* Work item *
From the first line of the records below through the line with "むひょーんうさぎ（個別スタンプ：20）", output each line exactly; skip the pictures.

================================

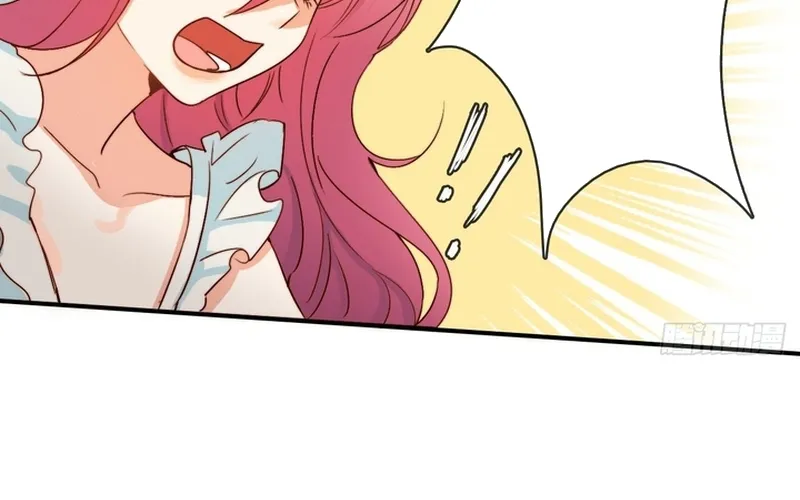 Cuộc Chiến Phía Sau Nhà Bếp Chapter 84 - Trang 47
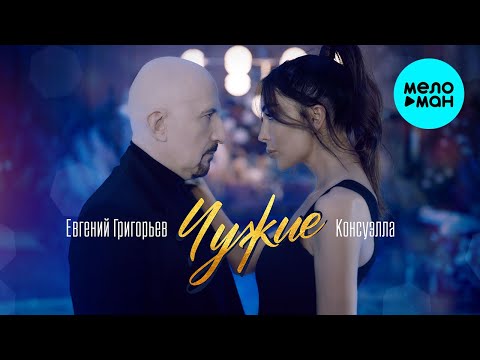 Консуэлла, Евгений Григорьев - Чужие Single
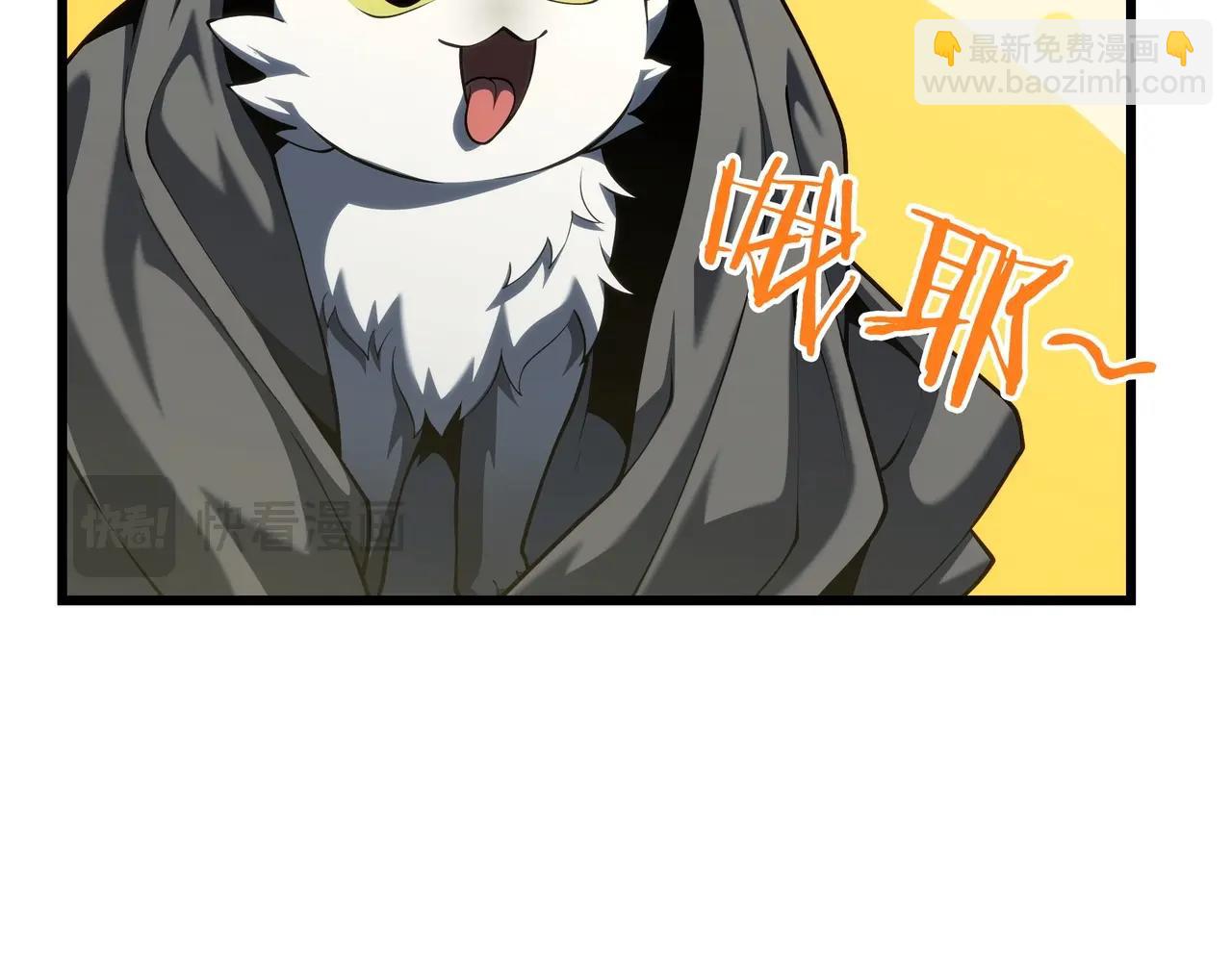 三歲開始做王者 - 第6季第187話 實戰(6/7) - 8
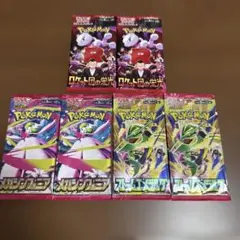 ポ*ケ様 【希少】ポケモンカード　絶版　未開封バラパック ポケモンカードゲーム 拡張パック 未開封バラパック 計16パック - メルカリ
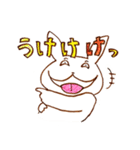 むひょーんうさぎ（個別スタンプ：20）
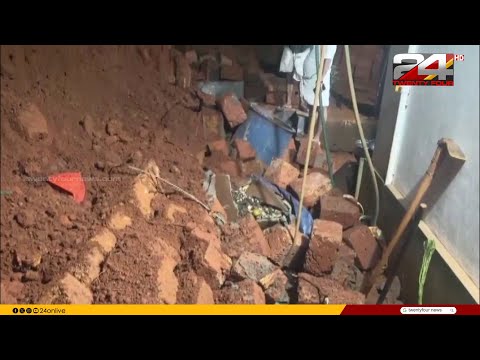 കോഴിക്കോട് ശക്തമായ മഴയിലും മിന്നലിലും വ്യാപക നാശനഷ്ടം;മതിൽ ഇടിഞ്ഞ് വീണ് യുവതിക്ക് പരുക്ക് thumbnail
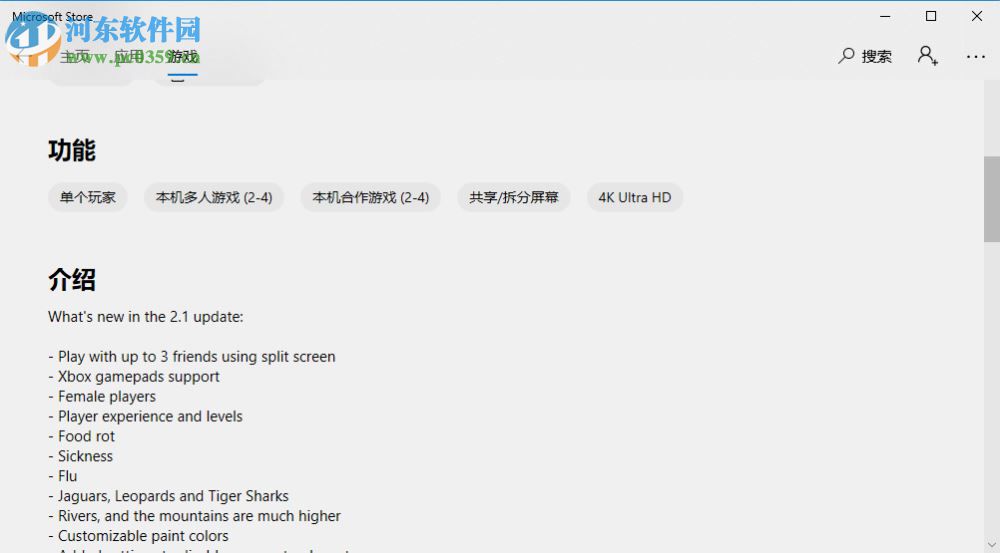 Windows10应用商店 2018.11.09 官方版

================================

* Task result *
 Cuộc Chiến Phía Sau Nhà Bếp Chapter 84 - Trang 47
 Консуэлла, Евгений Григорьев - Чужие Single
 三歲開始做王者 - 第6季第187話 實戰(6/7) - 8
 ポ*ケ様 【希少】ポケモンカード　絶版　未開封バラパック ポケモンカードゲーム 拡張パック 未開封バラパック 計16パック - メルカリ
 むひょーんうさぎ（個別スタンプ：20）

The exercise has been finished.